Jasper County Democrat, Volume 21, Number 65, Rensselaer, Jasper County, 13 November 1918 — MERCY MUNITIONS NEEDED IN TRENCHES [ARTICLE]

MERCY MUNITIONS NEEDED IN TRENCHES

Lieut. Coningsby Dawson, Fighting Author, Makes Stirring Appeal for Y. W. C. A. Lieut. Coningsby Dawson, who wrote •‘Carry On,” says of the war work which the Y. W. C. A. is doing: “You at home cannot fight with your lives, but you can fight with your mercy. The Y. W. C. A. Is offering you just this chance. It garrisons the women’s support trenches, which lie behind the men’s. It asks you to supply them with munitions of mercy’ that they may be passed on to us.

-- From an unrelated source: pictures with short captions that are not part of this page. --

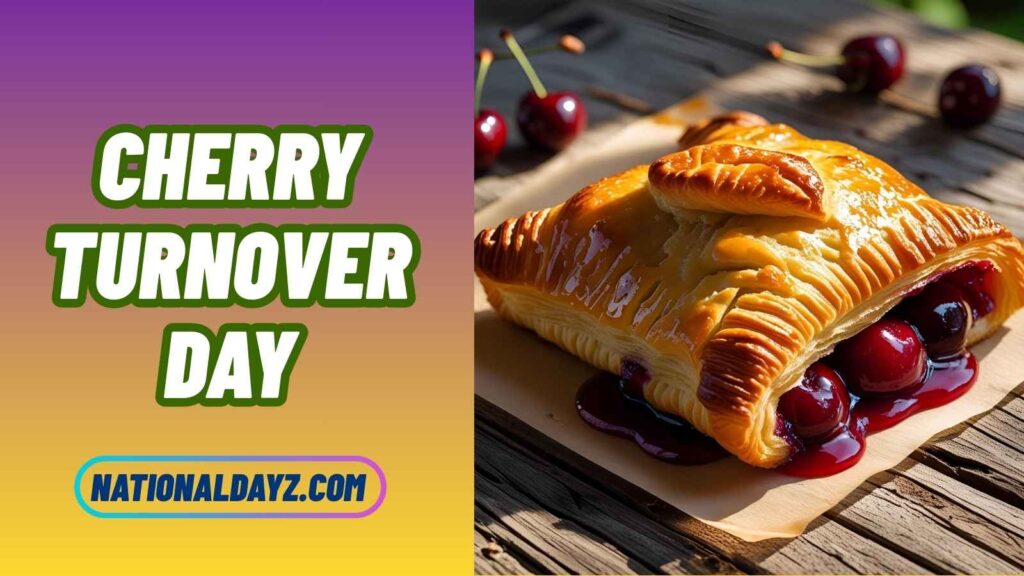 cherry turnover day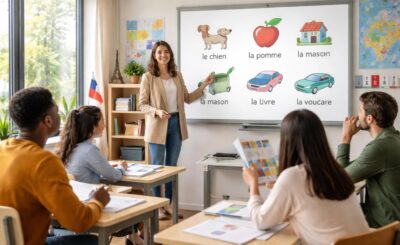 découvrez les meilleurs cours fle a1 pour débutants et apprenez le français facilement dès le début avec des leçons claires et efficaces.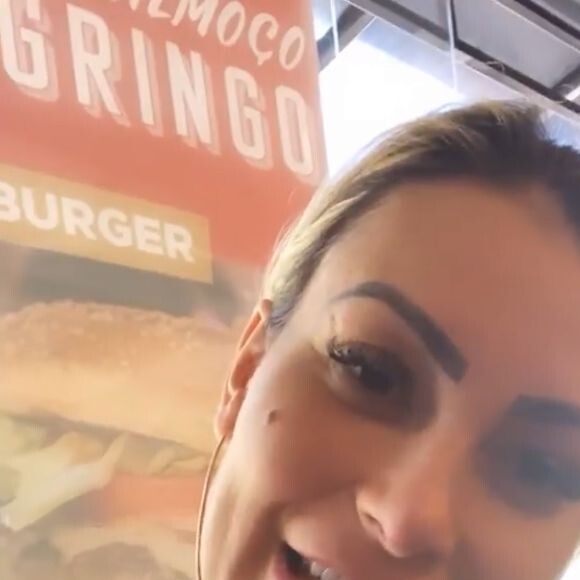'Minha barriga tá muito pequenininha', disse Andressa Urach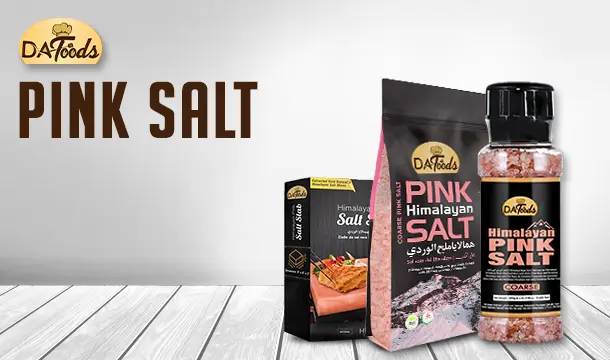 Pink Salt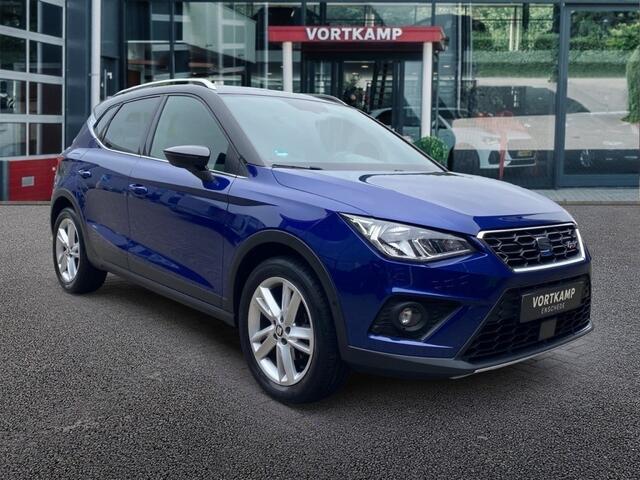 Seat Arona 1.0 TSI DSG FR CAMERA/NAVI/CARPLAY/CRUISE
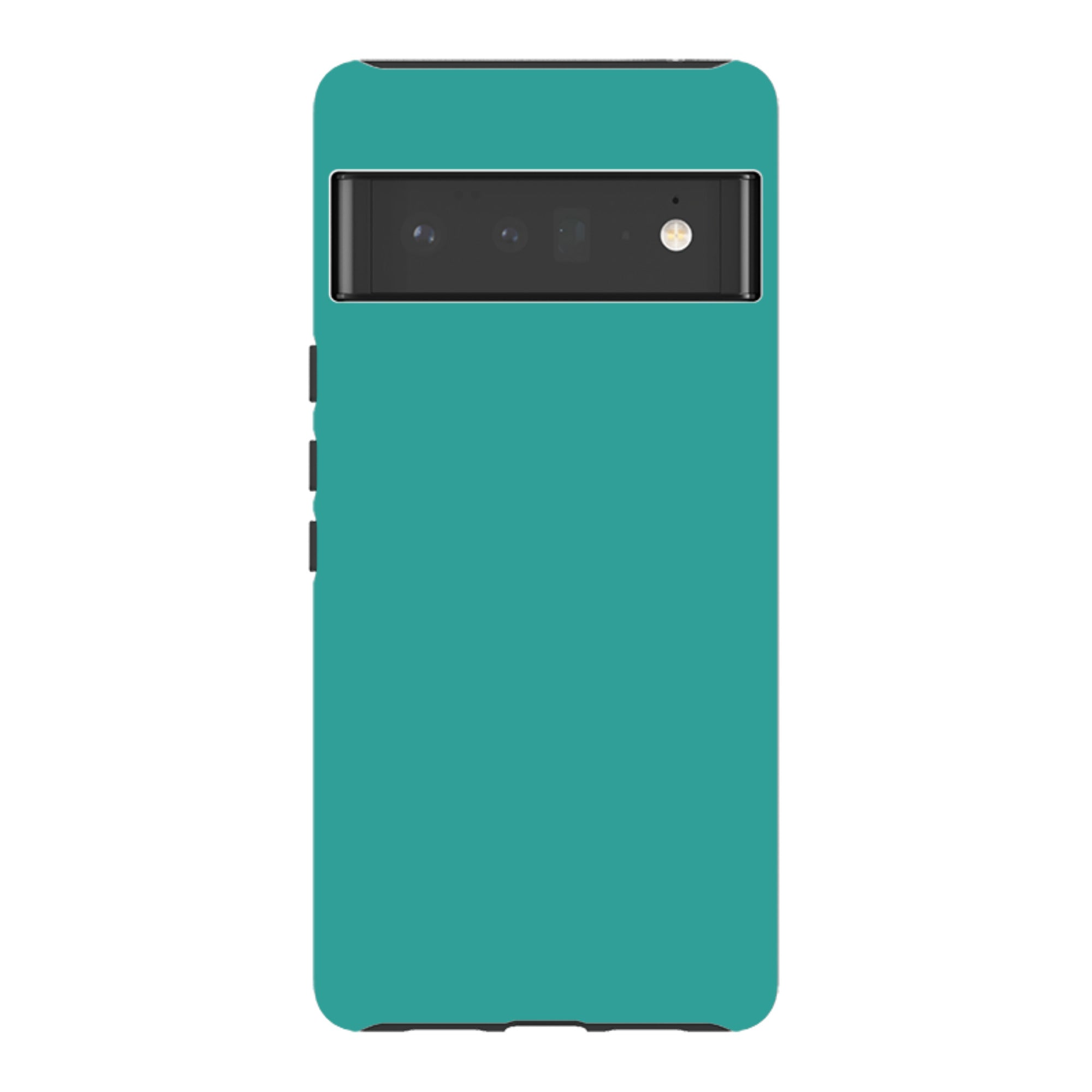 Simple Range Teal - Google Tough Case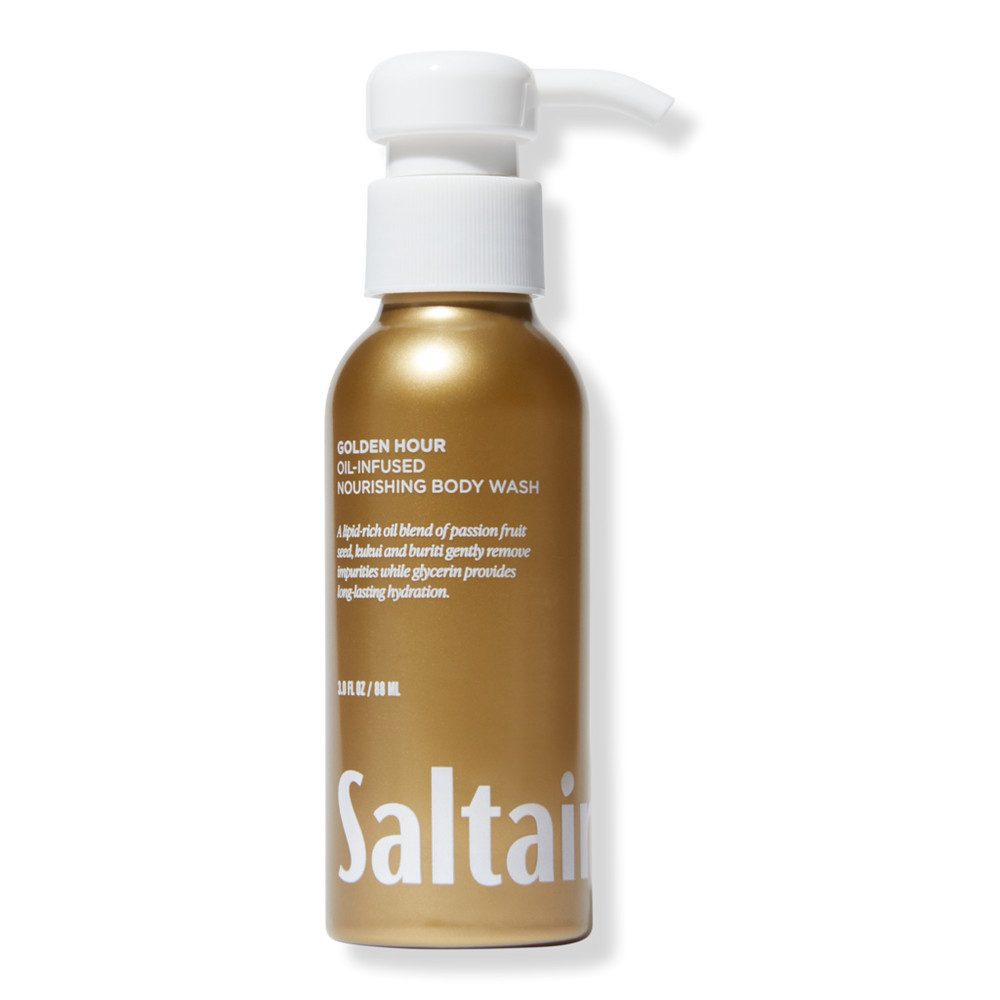 Saltair Oil-Infused Nourishing Body Wash - 3 oz | Ulta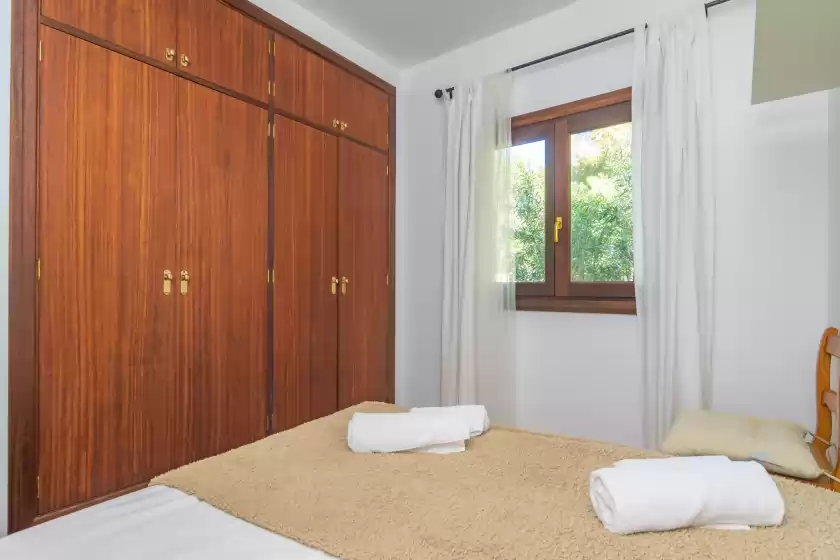 Ferienhaus auf Ca na matas, Son Serra de Marina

We need such supplies badly. Give generously that we may the sooner defeat the Hun.” What Lieut. Dawson says of the Y. W. C. A. he might have said of all the national organizations which are coming together for the biggest financial campaign that organizations have ever headed. All the $170,500,000 to be raised by the seven great national organizations the week of November 11 will be used to garrison and supply the support trenches behind the lines. They are the Y. M. C. A., the Y. W. C. A., the National Catholic War Council, Jewish Welfare Board, American Library Association, War Camps Community Service and Salvation Army. American girls in various uniforms mingle strangely with picturesque Brittany costumes In France. The American Y. W. C. A. has a hostess house in Brittany where tiie Signal Corps women live and a hut where the nurses spend their free time. Both these centers are fitted with many of the comforts and conveniences of home. “At a tea given at the nurses’ hut one Saturday afternoon,” writes Miss Mabel Warner, of Salina, Kansas, Y. W. C. A. worker there, “there was an odd gathering—one admiral, a bishop, a Presbyterian minister, a Roman Catholic priest, a doctor, an ensign, one civilian and myself.”